Relativistic quantum mechanics should be a different matter, but it is more confusing.

Few words of critisism on this
it is said that a particle can take all sorts of paths, each with a certain probability.
The path integral approach still uses wave functions like the SE approach does too. In path integrals the time evolution of the wave function is defined with a propagator (instead of a PDE), and the propagator is defined with a functional integral that sums the quantity e^{iS/\hbar} over all possible paths. But it is not so clear that the particle actually went through all these paths. It is a some kind of philosophical interpretation of this all, but it is not the most important thing if you want to just calculate the time evolution of the wave function.
 
jostpuur said:
In non-relativistic quantum mechanics a particle has non-zero amplitudes to travel along paths that exceed the speed of light. In fact you could also form a wave packet that travels faster than light, but that would of course be using a non-relativistic theory in a way in which it does not give correct results anymore. If the wave packets represent slow particles, then in the path integrals the contribution to the propagator from those high speed paths becomes very small, and things make sense to some extent.

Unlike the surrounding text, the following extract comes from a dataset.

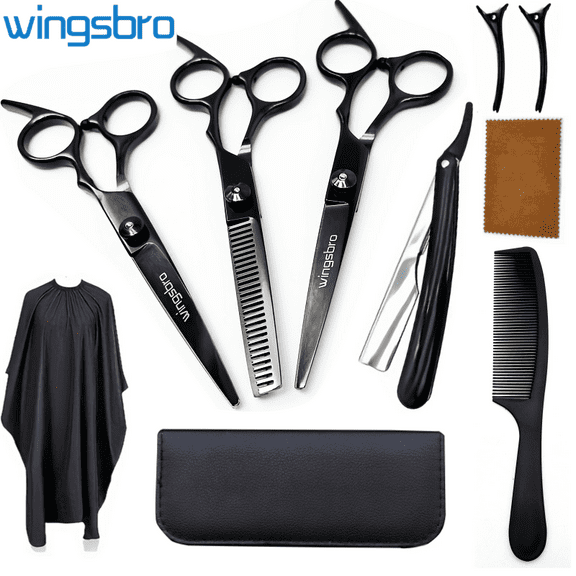 6.7 Inches wingsbro Thinning Barber Scissors Kit, Professional Hair Cutting Kit for Beginners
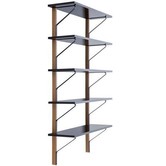Kaari Wall Shelf REB 009 wandrek eiken, zwart glossy H188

Relativistic quantum mechanics should be a different matter, but it is more confusing.

Few words of critisism on this

The path integral approach still uses wave functions like the SE approach does too. In path integrals the time evolution of the wave function is defined with a propagator (instead of a PDE), and the propagator is defined with a functional integral that sums the quantity e^{iS/\hbar} over all possible paths. But it is not so clear that the particle actually went through all these paths. It is a some kind of philosophical interpretation of this all, but it is not the most important thing if you want to just calculate the time evolution of the wave function.

First off, what is PDE?
Secondly, we learn path integral during our quantum field theory class. And the prof just introduce the path integral, and after that, straight on to use it in QFT and show that it is consistent with causality and SR. If path integral is non-relativistic QM, how could the prof just use it like that ?
 
touqra said:
First off, what is PDE?
Secondly, we learn path integral during our quantum field theory class. And the prof just introduce the path integral, and after that, straight on to use it in QFT and show that it is consistent with causality and SR. If path integral is non-relativistic QM, how could the prof just use it like that ?

PDE means partial differential equation, and a Shrodinger's equation is an example of such.

If you were talking about path integrals in QFT, then my answer wasn't a best possible. You can also formulate non-relativistic quantum mechanics with path integrals, and I was talking about them.